Thomas Herzsprung, Tommy HerzsprungLieber Tommy, schön, dass es geklappt hat und schöner noch, dass wir den Erotik-Skoutz in deinen treuen Händen wissen. Bevor wir zum gemütlichen Teil übergehen, möchte ich dir unsere neuen Fragen präsentieren, damit wir dich den Skoutzen vorstellen können, die dich noch nicht kennen.

Wenn du ein Tier wärst, wärst du ein …? (Und warum?)

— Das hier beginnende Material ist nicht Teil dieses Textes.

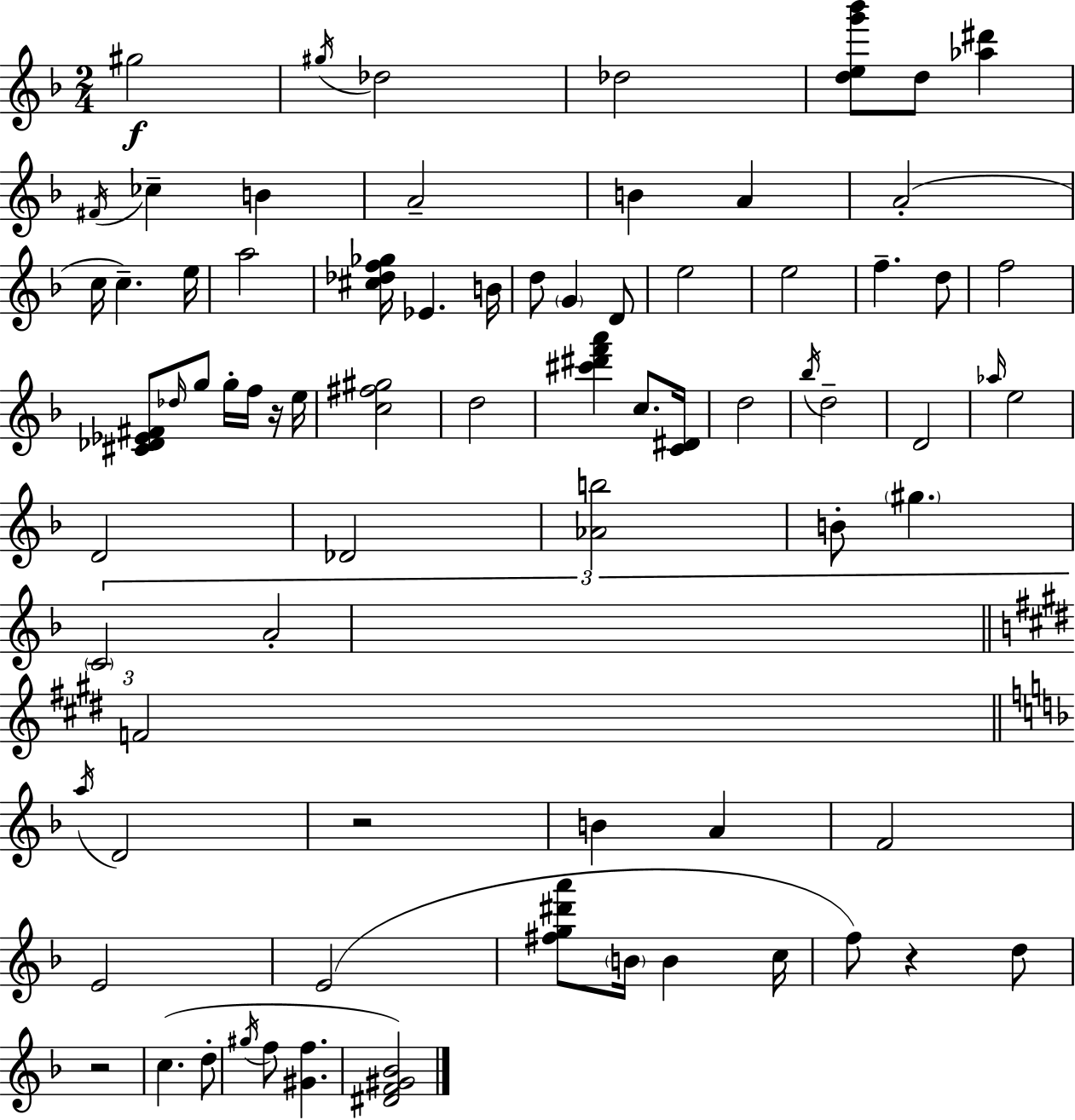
G#5/h G#5/s Db5/h Db5/h [D5,E5,G6,Bb6]/e D5/e [Ab5,D#6]/q F#4/s CES5/q B4/q A4/h B4/q A4/q A4/h C5/s C5/q. E5/s A5/h [C#5,Db5,F5,Gb5]/s Eb4/q. B4/s D5/e G4/q D4/e E5/h E5/h F5/q. D5/e F5/h [C#4,Db4,Eb4,F#4]/e Db5/s G5/e G5/s F5/s R/s E5/s [C5,F#5,G#5]/h D5/h [C#6,D#6,F6,A6]/q C5/e. [C4,D#4]/s D5/h Bb5/s D5/h D4/h Ab5/s E5/h D4/h Db4/h [Ab4,B5]/h B4/e G#5/q. C4/h A4/h F4/h A5/s D4/h R/h B4/q A4/q F4/h E4/h E4/h [F#5,G5,D#6,A6]/e B4/s B4/q C5/s F5/e R/q D5/e R/h C5/q. D5/e G#5/s F5/e [G#4,F5]/q. [D#4,F4,G#4,Bb4]/h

Das hängt unter anderem von meinem Koffeinpegel ab.

Ach? Inwiefern?

Morgens, vor meiner ersten Tasse Kaffee, bin ich mal eine Schildkröte, mal ein Schlechte-Laune-Bär. Spätestens mittags aber dreh ich wüstenrennmausmäßig auf. Und abends lasse ich es, wenn ich auf Konzerte geh, gern mal wie der Pistolenkrebs so richtig krachen. Ey, wusstet ihr, dass der mit seinen Greifarmen einen bis zu 200 Dezibel lauten Knall erzeugen kann?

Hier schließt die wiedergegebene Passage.